I created a little web spider in Python which I’m using to collect URLs. I’m not interested in the content. Right now I’m keeping all the visited URLs in a set in memory, because I don’t want my spider to visit URLs twice. Of course that’s a very limited way of accomplishing this.
So what’s the best way to keep track of my visited URLs?
Should I use a database?
- which one? MySQL, SQLite, PostgreSQL?
- how should I save the URLs? As a primary key trying to insert every URL before visiting it?
Or should I write them to a file?
- one file?
- multiple files? how should I design the file-structure?
I’m sure there are books and a lot of papers on this or similar topics. Can you give me some advice what I should read?
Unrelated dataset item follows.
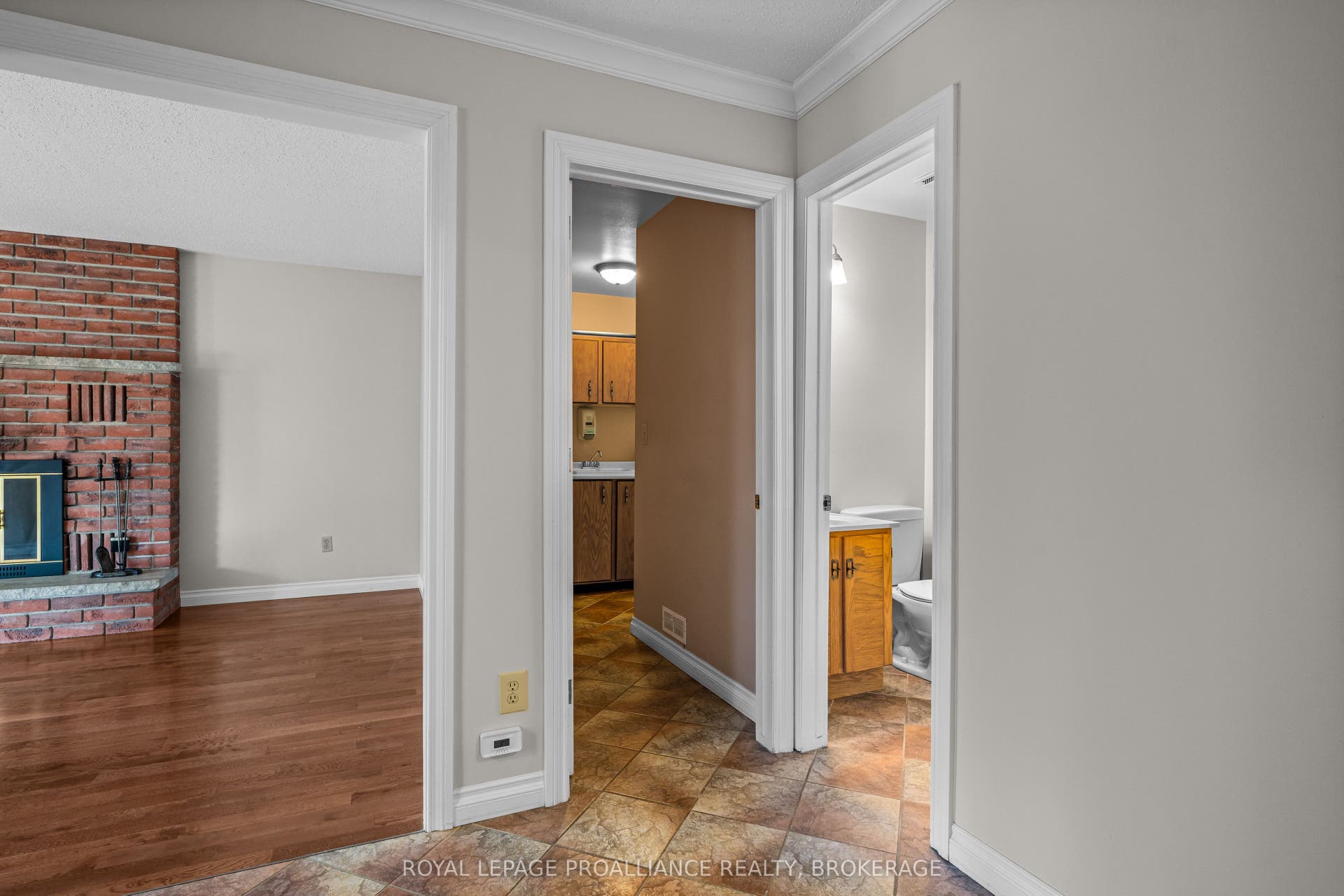 981 Edinborough Crescent, Kingston, Frontenac ON K7P 2C8 981 Edinborough Crescent, Kingston, Frontenac ON K7P 2C8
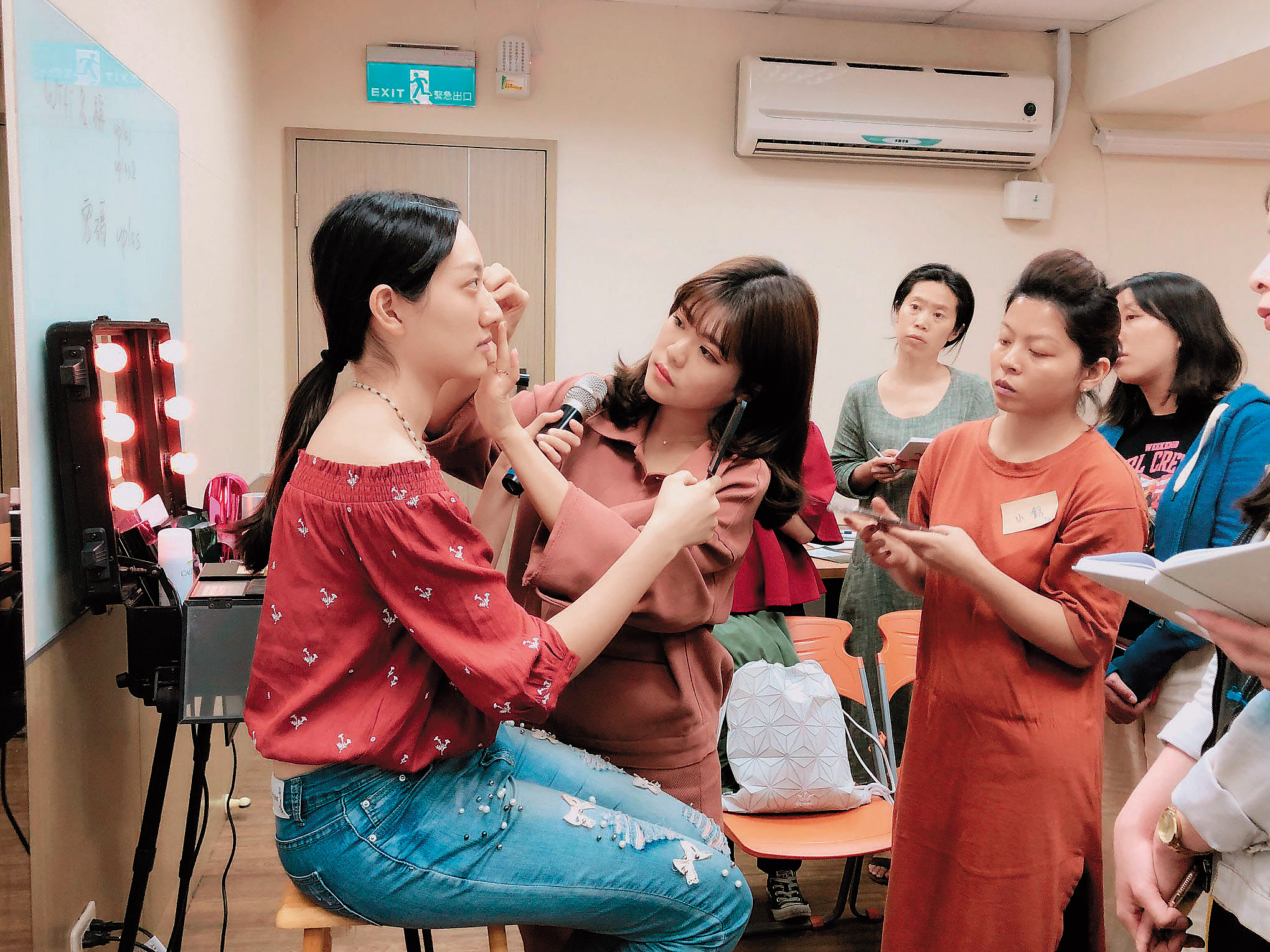 李敏（左2）5月起在台北開班教授彩妝，每個學員1天收費19,000元起跳。（翻攝自李敏官網）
These seem to be the important aspects to me:
There are many ways to do this and it depends on how big your database will get. I think an SQL database can provide a good model for your problem.
Probably all you need is an SQLite database. Typically string lookups for existence check is a slow operation. To speed this up you can create a CRC hash of the URL and store both the CRC and URL in your database. You would have an index on that CRC field.
There is of course a chance of collision on the URL hashes, but if 100% spanning is not important to you then you can take the hit of not having a URL in your DB when there is a collision.
You could also decrease collisions in many ways. For example you can increase the size of your CRC (CRC8 instead of CRC4) and use a hashing algorithm with a bigger size. Or use CRC as well as URL length.